CEVAP : Davalı … Sigorta Şirketi vekili cevap dilekçesinde özetle; … plakalı aracın, müvekkili şirket tarafından tanzim edilen ZMMS poliçesi ile sigortalı olduğunu, Yargıtay Hukuk Genel Kurulu’nun 13/11/2013 tarih 2013/17-72 esas 2013/1558 karar sayılı kararında, trafik sigortasının, araç işleteninin sorumluluğunu üzerine almış bulunmasına göre ancak işletenin zarardan sorumlu tutulabildiği hallderde zararı gidermekle yükümlü olduğu sonucuna ulaştığını, işletenin sorumluluğunun da ancak sigortalı araç sürücüsünün sorumluluğunun doğması ile ortaya çıkacağını, ZMM sigortasının meblağ sigortası olmayıp zarar sigortası olduğundan, davacının uğradığını iddia ettiği zararları ispat etmesi gerektiğini, davacı yanın tedavi giderlerinin SGK ya yöneltilmesi gerektiğini belirterek aleyhlerine açılmış olan haksız ve mesnetsiz davanın usulden yetkisizlik nedeniyle, esasına girildiği tektirde sigortalı araç sürücüsüne atfı kabil ksuur bulunmaması nedeniyle, davacıda meydana geldiği iddia edilen maluliyetin kaza ile illiyeti bulunmaması nedeniyle reddine, mahkeme masraf ve vekalet ücretinin davacı tarafa yükletilmesine karar verilmesini, aksi taktirde davacı yanın müterafik ksuurunun nazara alınmasına, celp edilmesi gereken delillerinin toplanmasına, kusur durumu ve zararın tespiti için bilirkişi inceleme yapılmasına, her halde haksız ve mesnetsiz davanın reddine karar verilmesini talep ettiği görülmüştür.

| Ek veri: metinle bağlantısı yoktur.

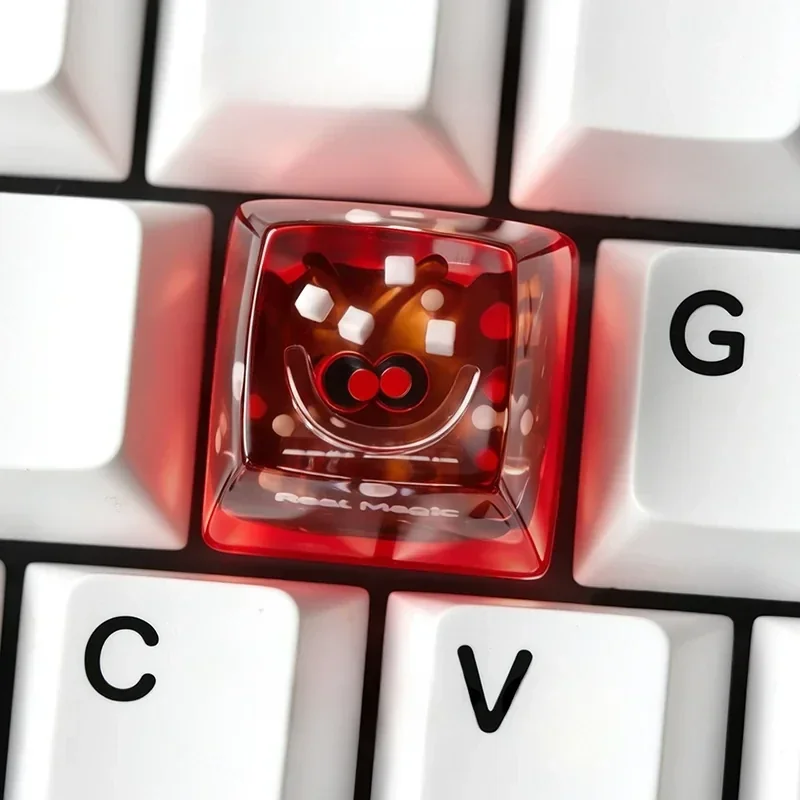 Close-up shots of the iconic Coca-Cola artisan ESC keycap, highlighting its vibrant retro branding and glossy resin finish from various angle.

Davalı … vekili cevap dilekçesinde özetle; dava konusu hadiseden dolayı müvekkilinin de büyük üzüntü duyduğunu, kaza anından itibaren müvekkilinin elinden gelen çabayı gösterdiğini, dava dilekçesinde yer verilen ”davasının sağını-solunu kontrol ederek karşıya geçtiği esnada müvekkilinin kullandığı aracın kaldırıma yakın bir noktada kendisine aşırı hız nedeniyle çarptığı” iddiasının maddi gerçekliğe aykırı olduğunu, müvekkilinin kesinlikle süratli araç kullanmamakta olup, kaza mahallinde yolun iki tarafında da park etmiş araçların bulunmasının, trafiğin yoğun olması vb.nedeniyle istese de sürat yapmasının imkansız olduğunu, davacının iddiasının aksine kazanın yegane sebebinin, davacının minibüsten indikten sonra yolun sağını-solunu kontrol etmeden karşıdan karşıya geçmeye kalkışması ve bir anda müvekkilinin aracı ile karşı karşıya gelmesi olduğunu,müvekkili aracının yayaya çarpan kısmının savunmalarını desteklediğini, davacının kazadan sonra 15 metre savrulduğu iddiasını kabul etmediklerini, müvekkilinin davacıyı hiç arayıp sormadığına dair savların yanılgılı olduğunu, bilakis müvekkilinin daavcının ambulansa bindirilmesi sırasında aktif/yardım eden olarak yer aldığını, müvekkilinin kaza sonrası yapılan laboratuar tahlilleri sonucunda alkolsüz olduğunun tespit edildiğini belirterek, öncelikle davanın görevsizlik nedeniyle reddine, … plakalı araç üzerinde tesis edilen tedbir kararının kaldırılmasına, davanın esastan reddine, yargılama giderleri ile vekalet ücretinin davacı üzerine yüklenmesine karar verilmesini talep ettiği görülmüştür.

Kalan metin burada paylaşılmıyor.